Luckily, Mario is given a few advantages to help him out. Power-ups from the original game return, such as bumblebee Mario, fire blossom Mario and so on. Added to this roster are a bunch of fun new abilities. Boulder Mario gets to roll around squashing his foes and crashing into things. Cloud Mario is lighter than air, and can provide himself with up to three cloud platforms to stand on. Drill Mario is really cool, allowing Mario to tunnel through the center of various planetoids, emerging on the diametrically opposite side (I’m going to have to use that one as an example when we talk diameters in Geometry class sometime.) But most importantly, Mario is joined this time by that most mysterious of reptiles, the alien creature known only as a “Yoshi.”
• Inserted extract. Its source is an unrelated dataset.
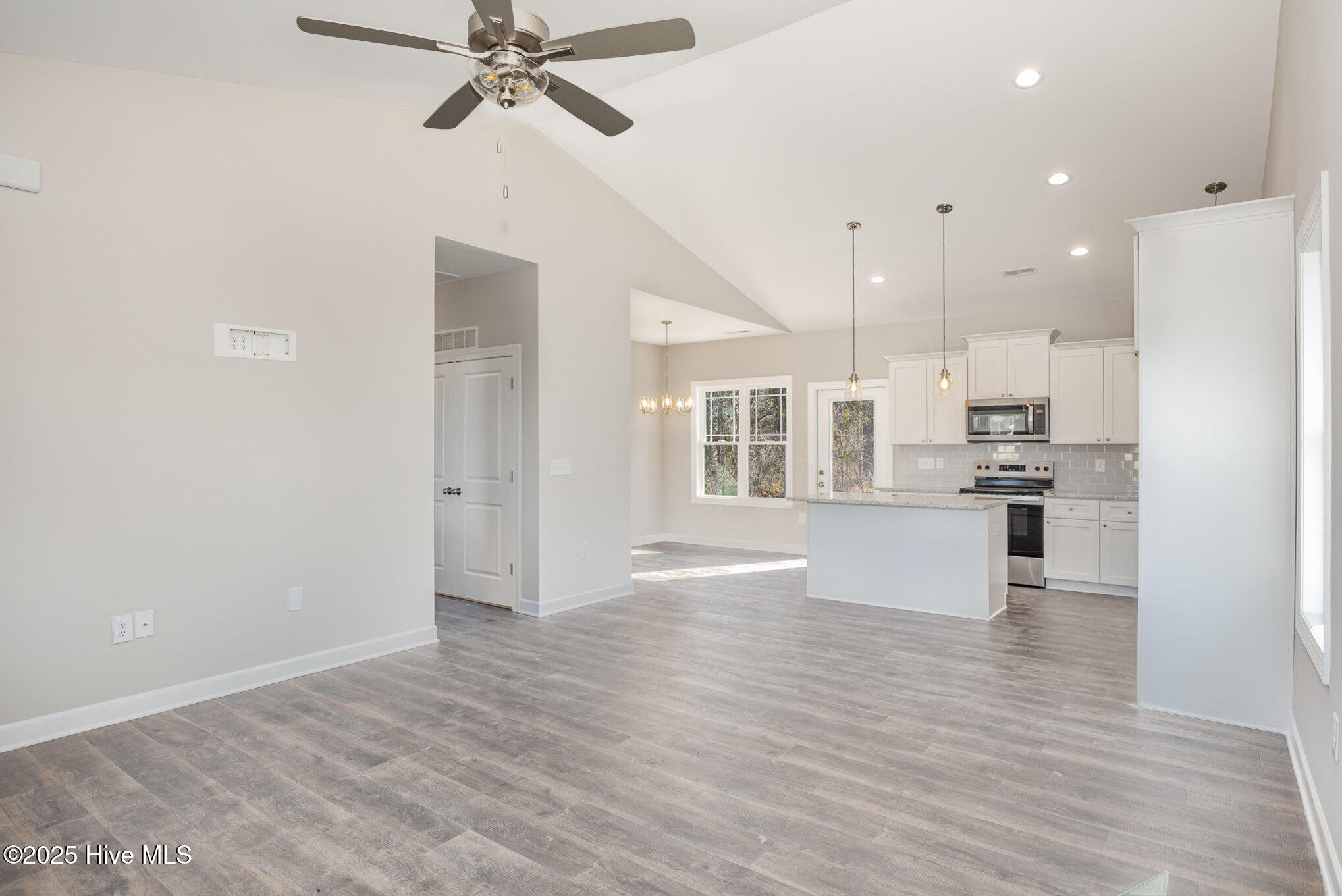 929 Micro Road Property Photo 4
What is the noble Yoshi, and what do we know about it? There appears to be only one Yoshi, even though he is constantly hatching from eggs scattered throughout the Marioverse. Yoshi is born with a saddle, indicating a servile mentality… in fact, when not under Mario’s direct control Yoshi completely falls into a total panic and charges off the nearest cliff like a total nutter. This is particularly strange, as Yoshi has little to fear from Mario’s enemies. Yoshi eats most of them, his peculiar digestive system working instantly to poop them out in the form of star bits. In Galaxy 2 Yoshi also demonstrates the ability to blow up like a balloon when eating weird blue fruit (talk about having a case of gas) and he can run across water when fed a hot pepper. Finally, Yoshi continues to have his odd but incredibly useful ability to temporarily ignore gravity by waving his two little feet around like crazy. Yoshi hovering comes with what has to be one of the most amusing little noises ever made in a video game… it is worth it to hold him in the air from time to time just to enjoy his funny little Yoshi mewling.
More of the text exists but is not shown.